Recognition of Bangladeshi sign language from 2D videos using openpose and LSTM based RNN
Abstract
Sign-language recognition is an essential part of computer vision to solve a communication obstacle between the deaf-mute and the common. Bangladeshi Sign Language (BdSL) is the medium of communication of the deaf and dumb community of Bangladesh. Where 2.4 million people cannot communicate without a sign language, developing countries like Bangladesh do not have sufficient facilities for these people [34]. Our research represents a sign-language recognizer in Bangladesh which is an approach to understanding Bangladeshi sign language so that it can become a bridge between the deaf-mute community and the normal world. Though many works have been done in this field for foreign languages, there are only a few remarkable works on the Bangladeshi Sign Language, among which they used techniques that are not accessible to all, and their accuracy was also not satisfactory. Moreover, there is a shortage of publicly available datasets of Bangladeshi Sign Language. Our objective is to deliver a compact and highly accurate system that will recognize Bangladeshi Sign Language.
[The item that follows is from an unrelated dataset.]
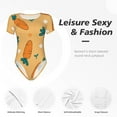 thumbnail image 6 of Uemuo Love Carrot Pattern Women's One Piece Short Sleeve Swimsuit Rash Guard Surfing Modest Quick-drying Swimsuit Beach Essentials-Small, 6 of 9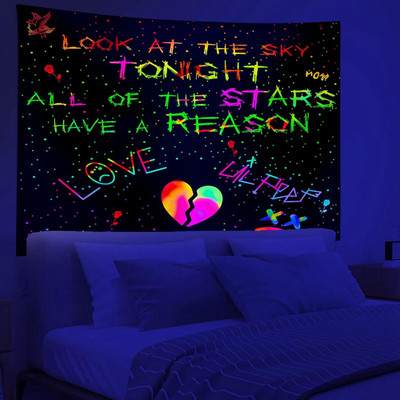 Blacklight Lil Peep Tapestry, Black Light Posters for Bedroom, Star Shopping Rap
We propose an method based on estimation of the human keypoints. First of all, we develop a BdSL dataset containing 1151 videos with ten different words. Our algorithm uses OpenPose to extract human pose from 2D videos and feed the extracted features keeping their temporal nature to an LSTM based RNN classifier that accurately classifies the signs. Our proposed sign language model classifies the signs of Bangladeshi Sign Language with 96.54% accuracy.